Should we fear Artificial Intelligence?
Over the last few years, I’ve had the sinking feeling that I’ve walked into one of the sci-fi films I obsessed over as a child. Stay with me.
As with most of our technological worries from the last decade, wariness around Artificial Intelligence has probably been rooted in some 1980s film starring Arnold Schwarzenegger (read: Terminator). Whilst seemingly farfetched, these notions have been compounded in recent years by earnest comments from those ‘in the know’ such as Stephen Hawking and respected research firms. Reservations of the average Joe have not stopped companies like IBM, Amazon, Google, Facebook, and (surprisingly) Apple from coming together and stepping into the AI research ring in an attempt to push the technology to its limits.
Frankly, the real worry isn’t about an AI robot army led by an omniscient super computer (read: I-Robot).
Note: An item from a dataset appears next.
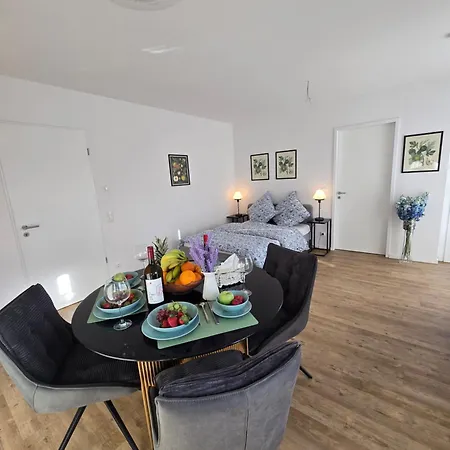 Stilvolle Neubauwohnung Mit Balkon&wlan Διαμέρισμα Ανόβερο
Most are concerned that advances in AI software will compromise employment, replacing jobs such as those in factories, transportation, retail, and even basic journalism.
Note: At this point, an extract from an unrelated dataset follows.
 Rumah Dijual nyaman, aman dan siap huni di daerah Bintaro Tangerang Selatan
Working for a tech PR agency, and being a bit of a tech junkie myself, I feel conflicted. I want to see how far we can take AI (and how far AI can take us), though not at the expense of people’s livelihoods. Jobs that are susceptible to automation, i.e. those that can be solved using a clever combination of sensors, logic, and a connection to the WWW (e.g. taxis), will be some of the first to feel these effects (read: Total Recall).
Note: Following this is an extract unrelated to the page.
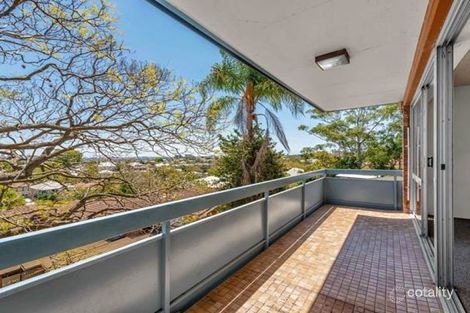 Property photo of 52 Henzell Terrace Greenslopes QLD 4120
It will be interesting to see what people prioritise over the next few decades as certain jobs go extinct. Perhaps creative roles, highly social positions, and jobs managing humanitarian efforts will be safeguarded, as these have an innately ‘human’ aspect. I’m hoping for my own sake that PR fits in here somewhere!
One thing to be sure of is that the world around us is slowly being coded (read: The Matrix), and behind that code is a programmer doing the legwork to write and maintain it. With an influx of robot employees comes an industry designed around maintaining them. Whether or not we at Babel will still be calling journalists about the latest scoop in 30 years, or whether we’ll be supplanted by AI is a point of worried enquiry. The real scoop here is that if people still want jobs for themselves or the next generation, they should start thinking about where people will still be useful, and what can’t be done by an army of cute, artificially intelligent automatons (read: Wall-E).